Once the bars have been manufactured and they enter the trading system I am pretty certain that is where they remain. Very unlikely that they will ever be discovered, unless the chain of custody is broken, or there is some reason to suspect them. All in all, it seems that it is a risk that someone though worth the effort.


----------



## nickvc (Jan 26, 2010)

Dirty dealings in high places, corrupt politicians ,the US and UK involved :shock: Now come on GSP you know that cant be true :roll:


----------



## jimdoc (Mar 2, 2010)

More on the tungsten story;
http://www.zerohedge.com/article/german-prosieben-tv-channel-finds-500-gram-tungsten-bar-wcheraeus-gold-foundary-bank-origin

and
http://www.youtube.com/watch?v=M0-hGHJSgNA&feature=related


----------



## Irons (Mar 2, 2010)

Here's an interesting page:

http://tungsten-alloy.com/

or if you need ready-made bricks:

http://www.tungsten-alloy.com/en/alloy13.htm


----------



## qst42know (Mar 2, 2010)

You think this one has been adulterated?

http://www.tungsten-alloy.com/paperweight.htm


----------



## Irons (Mar 2, 2010)

qst42know said:


> You think this one has been adulterated?
> 
> http://www.tungsten-alloy.com/paperweight.htm



here's an even better one:

http://www.tungsten-alloy.com/en/alloy11.htm


----------



## qst42know (Mar 2, 2010)

What do you think the odds are they would make Maple Leaf coins if you ask nice?

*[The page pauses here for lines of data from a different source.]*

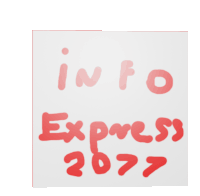 Info Express2077 Sticker - Info Express2077 Stickers
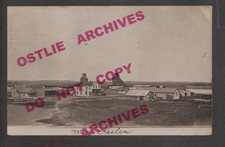 Loomis SOUTH DAKOTA RPPC 1908 MAIN STREET Birdseye GHOST TOWN nr Mitchell POP 33 picture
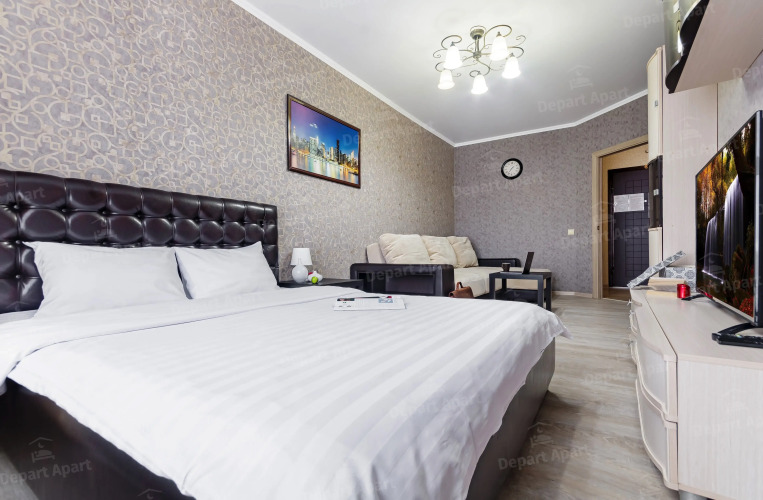 Фотография номера квартиры Апартаменты 24 Этаж Панорама Города и Гор ЖК Большой, Самый Центр Бесконтактное Заселение 24/7 by Depart Apart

The Wild Wild West has nothing on the Rabid Far East. :evil:

How about that even criminals are losing jobs to the Chinese. :twisted:


----------



## Palladium (Mar 3, 2010)

qst42know said:


> How about that even criminals are losing jobs to the Chinese. :twisted:



I can't stop laughing.


----------



## patnor1011 (Mar 3, 2010)

:lol: :lol: :lol: in unemployement office when filling forms. 
Occupation: Criminal
Reason for leaving your last employement: Job outsorced to Huan-dong gang


----------



## Lou (Mar 3, 2010)

This scam would be ridiculously difficult to perpetrate and would require governmental resources---to cast a SOLID, not powder metallurgy, tungsten bar would require a *monstrous* furnace! Probably costing many tens of millions of dollars. The gold could then be cast around the tungsten bar to whatever thickness is needed, as gold brazes beautifully to tungsten!

The density is only equivalent if they are both cast, otherwise it's topped at 90-92% of theoretical, easily discernible with density tests (maybe not via the hand).

X-ray fluorescence would not work for detecting fakes, and I doubt that other conductivity based test would work too well.

Best way is to drill--and if your bit melts half way through, there be tungsten!


----------



## qst42know (Mar 4, 2010)

Advances in powder metallurgy are making this more accessible. 

Using *Hot Isostatic Pressing* porosity can be reduced to 1% or less. Densities superior to casting can be achieved. The items are heated to the plastic deformation temperature and subjected to extreme pressure essentially collapsing the pores.

http://www.azom.com/details.asp?ArticleID=924

A company such as Irons linked likely owns or has access to the high pressure furnaces needed and obviously doesn't care what the end use of their product is.

These high pressure furnaces are fixed in size and cost the same to run full or not. Several of the companies doing this type work will fit small lots in with their normal runs with similar parameters.

My brother has some experience with this type of work and first described this process to me. Fascinating process but has nothing to do with PMs, sorry.


----------



## markqf1 (Mar 5, 2010)

Or does it?
Maybe what most people think they have, is not what they actually have.

Mark


----------